Strong Dollar Policy
“China supports a strong dollar,” said Zhou Xiaochuan, governor of the People’s Bank of China, at a press conference today. The Federal Reserve’s decision to cut the benchmark U.S. interest rate also affects China’s monetary policies, the effects of which must be studied, he said.
“The Fed decision has quite a big impact on China’s rate policy,” Zhou said. “What we’re concerned about is whether the Fed’s looser monetary policy will create new financial liquidity, because China’s liquidity problem is connected with excess cash in the world’s markets.”
The US trade deficit isn’t declining much, even with some recent weakening of the Dollar against European currencies. Why?
One reason our trade deficit isn’t narrowing very much? Predatory currency manipulations by China, Russia, Japan (via its interest rates), and the GCC which sells us oil.
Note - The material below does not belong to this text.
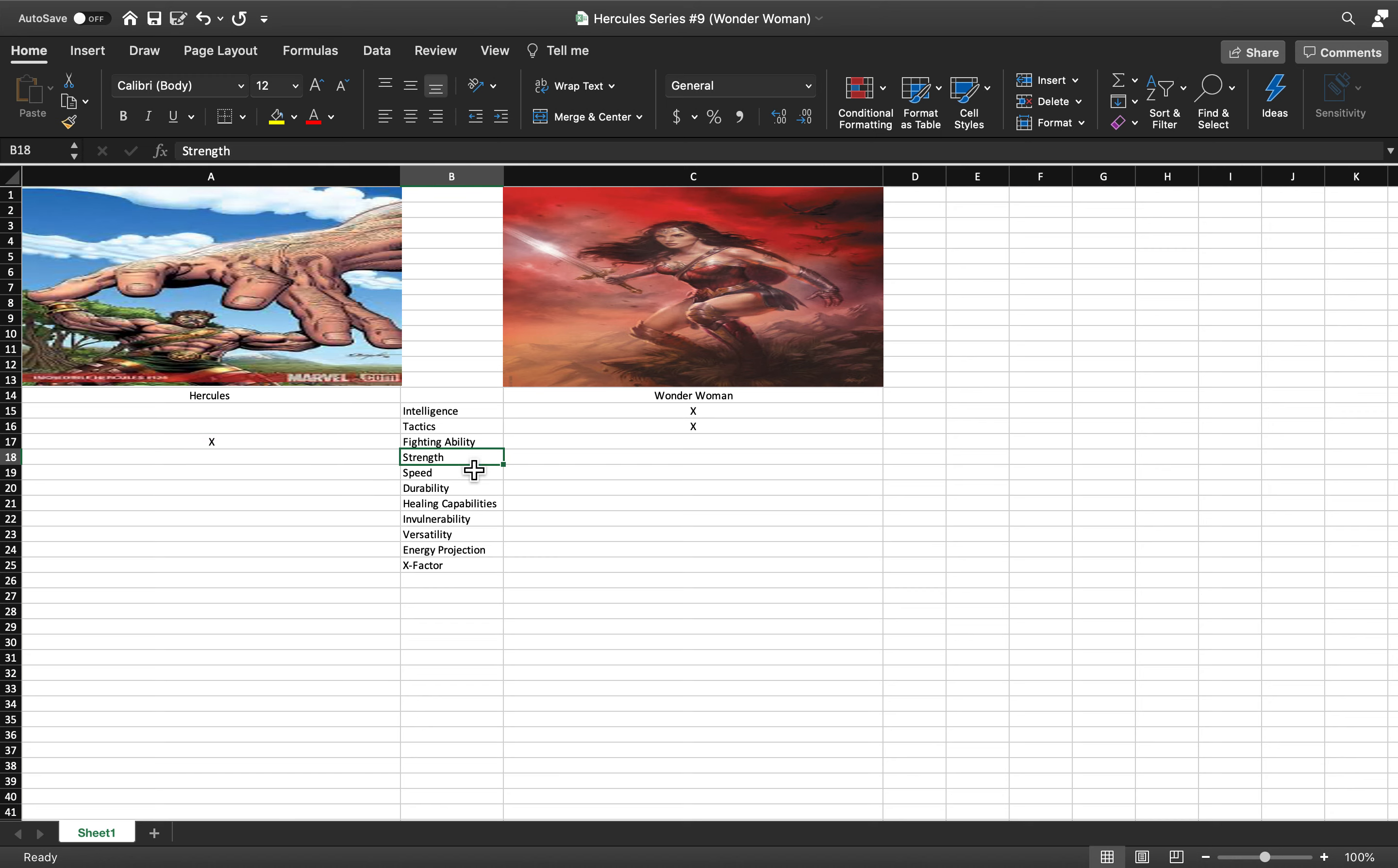In terms of fighting ability, Wonder Woman has beaten DC's Ares, which is more of an overall power feat than a fighting feat. If you're facing a god of war, realistically their capacity for combat should be the same.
With Europe and countries where we have mutually free and flexible exchange rates, our currency has moved more towards it’s trade-predicted value and the balance-of-trade moved more into balance. Japan charges zero interest to borrow money, which investors borrow and then sell the Yen by the bucket full to make investments elsewhere – an indirect manipulation that keeps the Yen very cheap. The others intervene directly to keep their currencies cheap and the US buying. They call this “vendor financing” in business.
And now China has the nerve to complain? Ha. China has created its own problems in order to strip the manufacturing capacity of the world and plant it in China, and to employ massive numbers of Chinese workers.
A second reason for our ongoing trade deficit is the rampant US consumerism more worthy of a pack of wild glut-hogs than of human adults. This is financed, not by wages earned but rather by money borrowed. Aiding and abetting consumerism (up till now) has been cheap long term credit pushed by every bank and financial institution in the US. Too much has never been enough, no excess too extravagant. Since the borrowing is used largely for consumption, and not productive investment, consumers get deep in debt.
A word of advice to US policy makers: There is no such thing as a “consumer economy.” That term describes only half an economy. Without an equal amount of production, your policy creates impoverished parasites and billionaires. Let’s hope the next crop of business leaders and politicians makes more sense than this lot, and sings a different tune.